(Captioned web images)
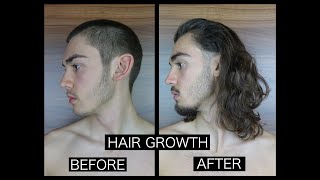 HAIR GROWTH TIME LAPSE  SIDE [upl. by Nerissa]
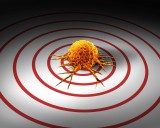 Exelixis: RCC Stronghold, NET Launch, And A CRC Readout That Matters (NASDAQ:EXEL)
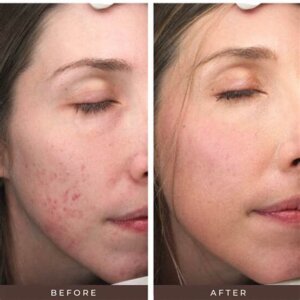 traitement lifting coréen avant après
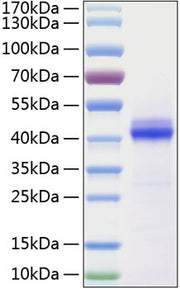 Recombinant Human CD5L Protein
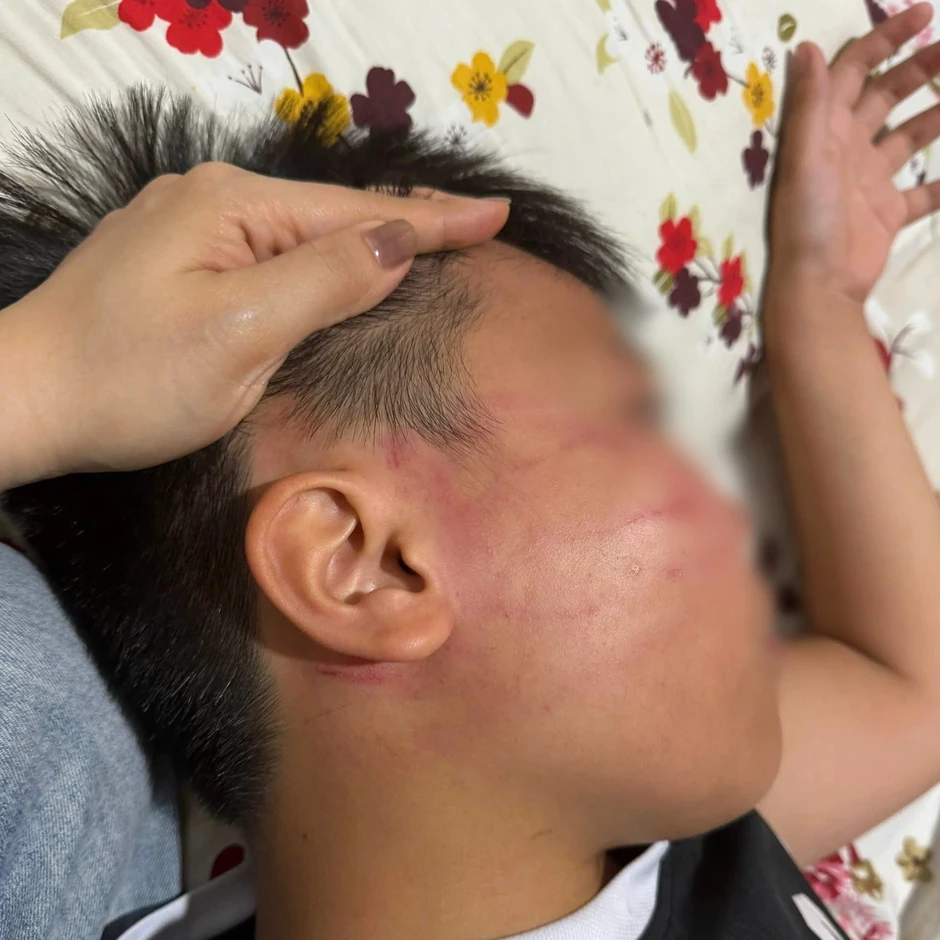 Thông tin mới vụ nam sinh 9 tuổi nghi bị giáo viên dạy thêm đánh Thông tin mới vụ nam sinh 9 tuổi nghi bị giáo viên dạy thêm đánh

• _Work instructions_:
Output nothing but the records above, word for word, with the pictures removed.

• _Response to this task_:
 HAIR GROWTH TIME LAPSE  SIDE [upl. by Nerissa]
 Exelixis: RCC Stronghold, NET Launch, And A CRC Readout That Matters (NASDAQ:EXEL)
 traitement lifting coréen avant après
 Recombinant Human CD5L Protein
 Thông tin mới vụ nam sinh 9 tuổi nghi bị giáo viên dạy thêm đánh Thông tin mới vụ nam sinh 9 tuổi nghi bị giáo viên dạy thêm đánh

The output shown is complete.